Is it naive to think they would do it in a nice way ...
Initially, reading through the comments I felt people were maybe overreacting.
I was thinking, surely they're just talking about introducing a mechanism where a game such as Burnout Paradise, which has billboards and branded vehicles, can sort of justify including them and could perhaps update these on the fly with different sponsors over the lifetime of the game.
Then someone mentioned EA's love of sports franchises and what they did with Battlefield 2142. Then someone else mentioned bandwidth and download caps.
So, I could tolerate it if its discreet, fitting product placement similar to the movies. It would be nice to think it might result in reduced game prices or allowed the game studios to have a cash cushion to subsidise a few more experimental games, rather than relying purely on tried and tested formula.
For games such as the above mentioned Burnout I wouldn't mind too much if they were encouraged to patch and expand the game for free, and include changes to the sponsors in those updates.
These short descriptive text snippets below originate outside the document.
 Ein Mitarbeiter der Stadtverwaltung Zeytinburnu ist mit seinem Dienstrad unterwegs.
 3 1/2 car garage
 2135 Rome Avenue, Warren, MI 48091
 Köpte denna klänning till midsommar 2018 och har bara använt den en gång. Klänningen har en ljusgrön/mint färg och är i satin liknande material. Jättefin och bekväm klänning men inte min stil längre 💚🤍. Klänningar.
I used to be a big UT2k4 player and liked the fact that Epic continued to patch the game and add FREE (admittedly community based) map packs at regular intervals.
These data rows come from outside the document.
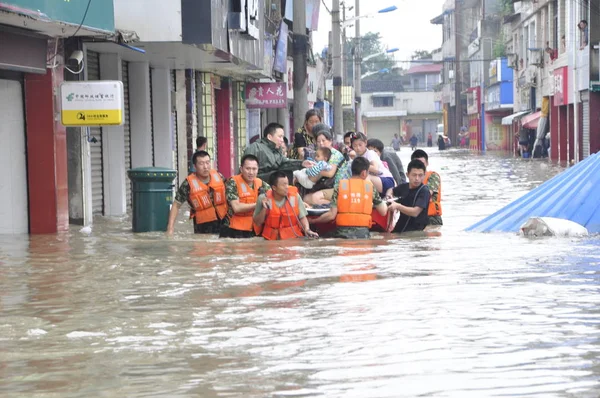 中国救助隊 2013 西南中国四川省広漢市で豪雨による洪水となった道路上のボートで住民を避難します — ストック写真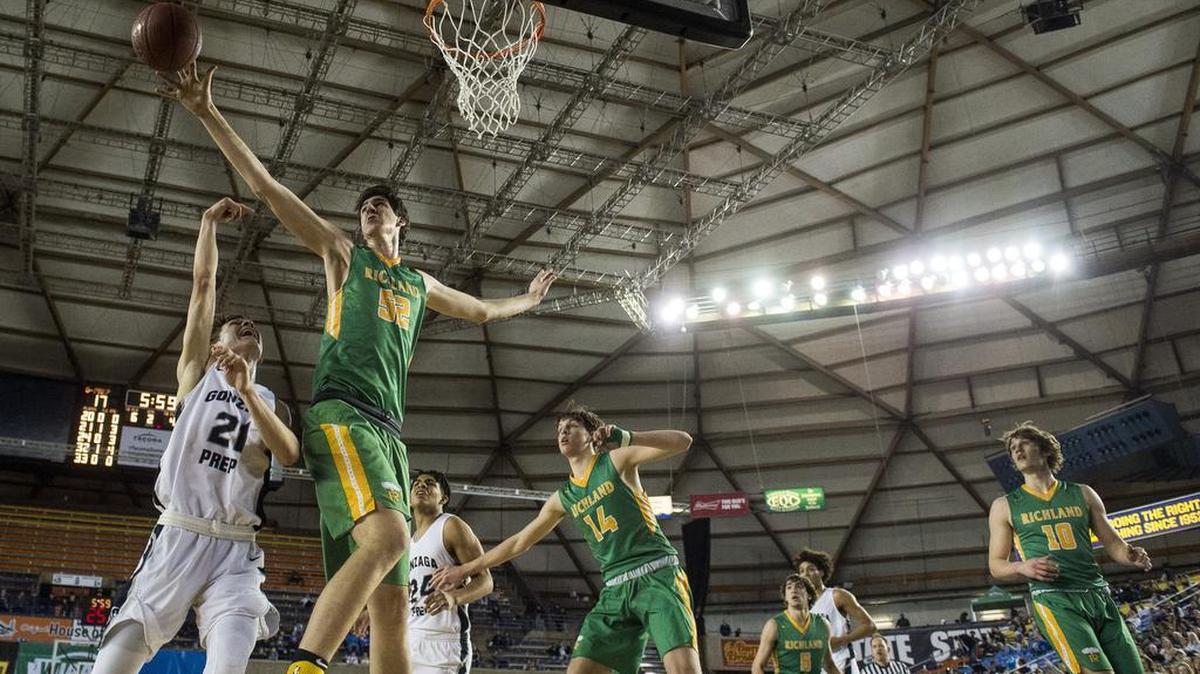 Richland's Riley Sorn (52), blocking a shot by Gonzaga Prep's Liam Lloyd in the state semifinals.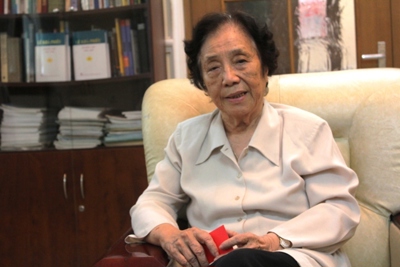 "Nhìn tàu Trung Quốc, tôi thấy nhói trong tim" "Nhìn tàu Trung Quốc, tôi thấy nhói trong tim"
However, I can see that for certain companies, it would either be to increase the bonuses taken at board/shareholder level, or to finance the takeover of more individual games with the intent of turning them into yet another franchise.
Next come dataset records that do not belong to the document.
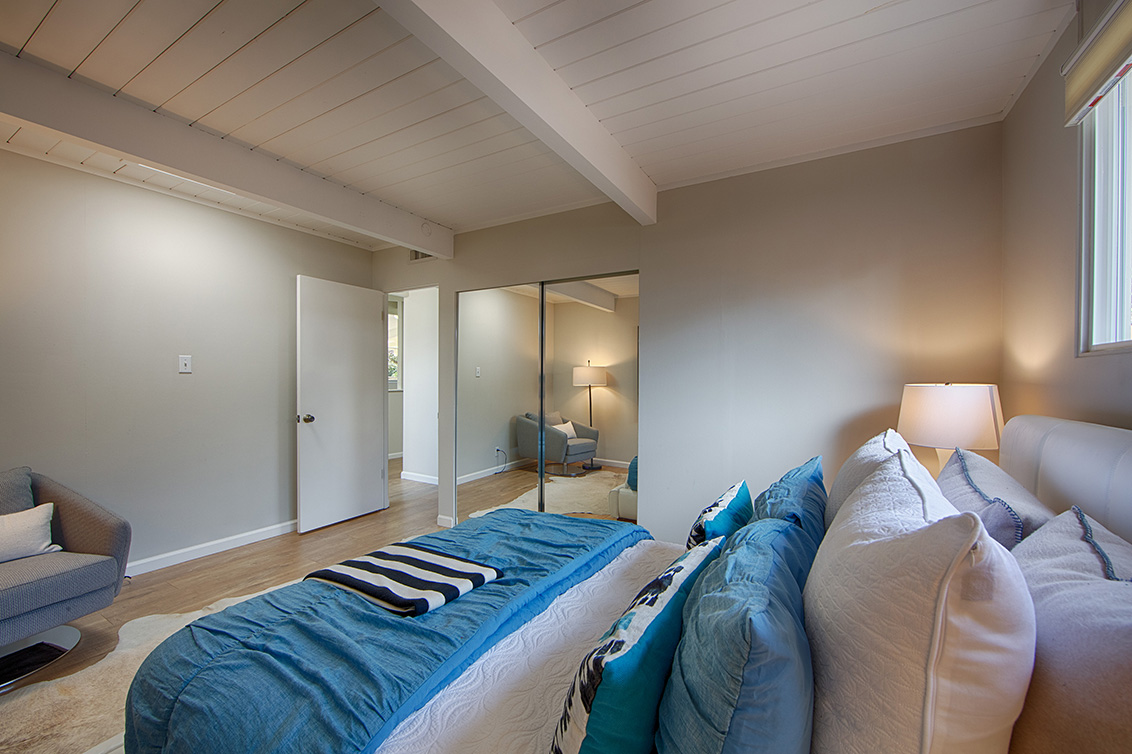 Bedroom 3 (C) picture - 3432 Greer Rd, Palo Alto 94303
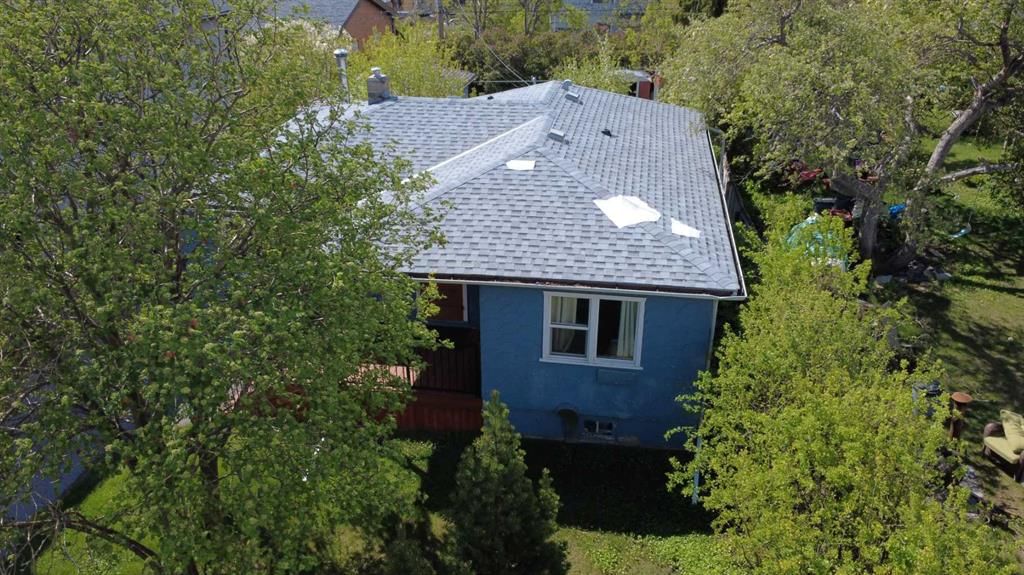 1815 32 Avenue SW, Calgary — photo 4 of 15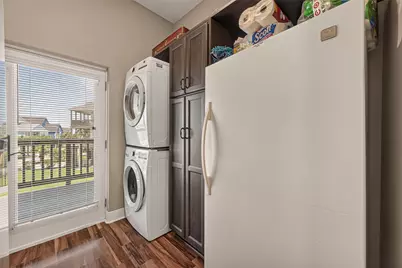 3730 Mendocino Drive, Galveston, TX 77554 - Photo 38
Plus, given that since Virgin have taken over my decent broadband provider and started turning my nice fast unlimited cable connection into a capped and throttled one for the same money, similar to all the other providers, I really don't like the idea of adding the dynamic downloading of nice big advertising textures, to the stream of data that I download while playing - especially when I'm supposedly playing single player, therefore technically off-line.
You could also argue that racing games such as Gran Turismo and Need For Speed are nothing more than big car advertisements, so one might hope the license agreements with car manufacturers for those games are used to subsidise the game development, rather than provide a purely additional revenue stream to the car companies. Sadly I don't think it's the former.